An American decided to write a book about famous churches
around the world, so he bought a plane ticket and took a trip to
Rome . On his first day he was inside a church taking photographs
when he noticed a golden telephone mounted on the wall with a
sign that read $10,000 per call'. The American, being intrigued,
asked a priest who was strolling by what the telephone was used
for. The priest replied that it was a direct line to heaven and that for
$10,000 you could talk to God. The American thanked the priest and
went along his way.

Next stop was in Moscow . There, at a very large cathedral, he saw
the same golden telephone with the same sign under it. He
wondered if this was the same kind of telephone he saw in Rome
and he asked a nearby nun what its purpose was. She told him that
it was a direct line to heaven and that for S10,000 he could talk to
God. 'O.K., thank you,' said the American.

He then travelled to France , Israel , Germany and Brazil . In every
church he saw the same golden telephone with a '$10,000 per call'
sign under it.

The American finally decided to travel to the UK to see if the British
had the same phone. He arrived in Yorkshire and again, in one of
that county's fine cathedrals, there was the same golden telephone,
but this time the sign under it read '20p per call.'


The American was surprised so he asked the priest about the sign.
'Reverend, I've travelled all over World and I've seen this same
golden telephone in many churches. I'm told that it is a direct line
to Heaven, but everywhere I went the price was $10,000 per call.
Why is it so cheap here?'

The priest smiled and answered, 'You're in Yorkshire now son, - it's
a local call'

:wink:


----------



## greenasthegrass (Oct 27, 2007)

Truly awesome!
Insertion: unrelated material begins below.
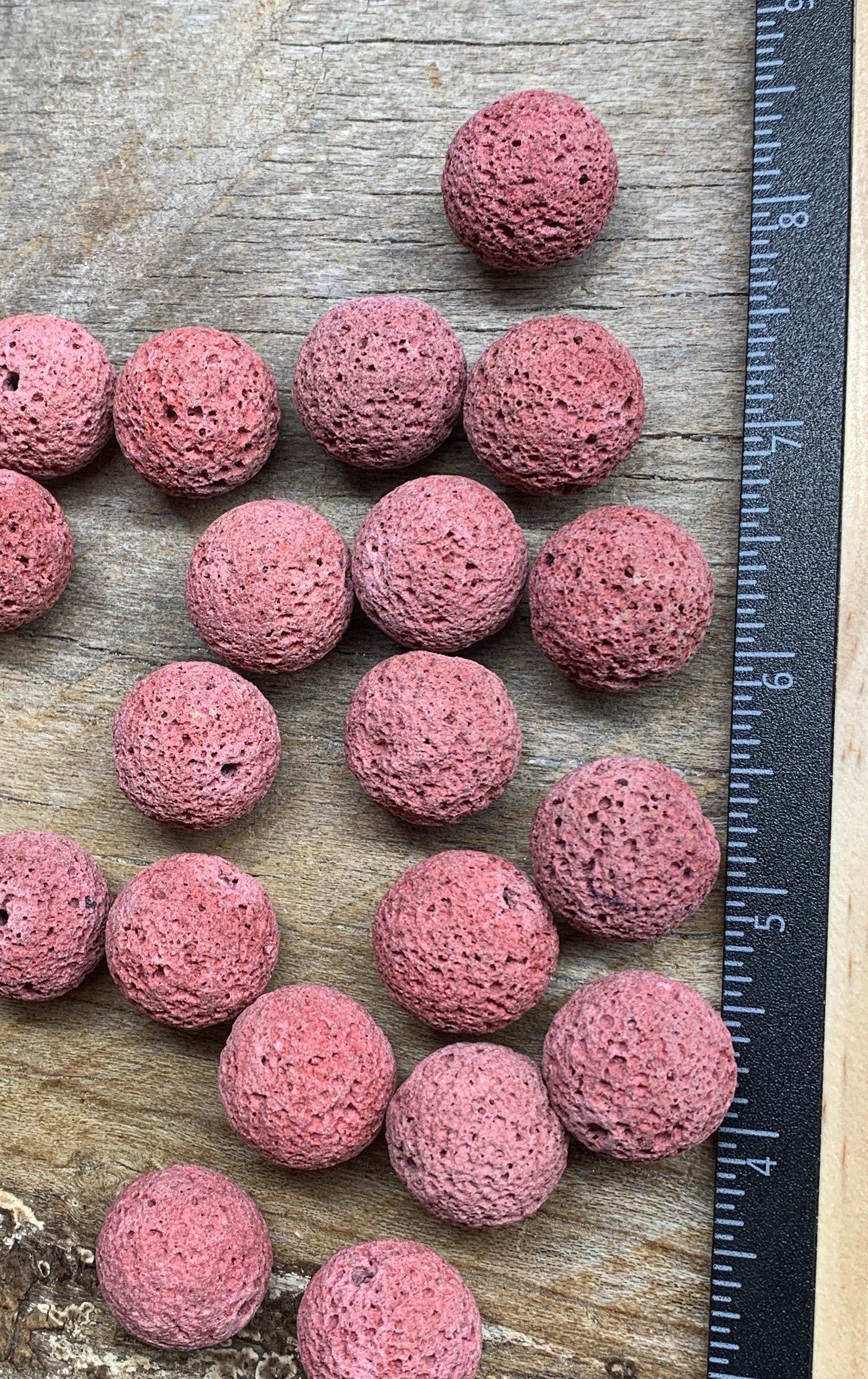 "Close-up of round pink lava beads, showcasing their textured surface and vibrant color, positioned next to a ruler to show size.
Agreed totally and it may not always be sunny (Carol!) but its de best rain!

Greenie


----------



## hilldweller (Mar 8, 2008)




----------



## annetony (May 1, 2005)

:lol: :lol: 

Anne


----------



## bigfoot (May 16, 2005)

You can always tell a Yorkshireman but you can't tell him much  !!


----------



## rowley (May 14, 2005)

I like that. :lol:


----------



## 110456 (Mar 8, 2008)

Mandy & Dave

Very funny but I like it because it's true.

Why?? You may ask, because of a little known fact - that there are more acres of land in Yorkshire than there are words in the Bible. :lol: 

Thai


----------



## Broom (Oct 8, 2007)

Hi All

I like it, of course it's true Gods own county 'Yorkshire'

Best regards
Broom


----------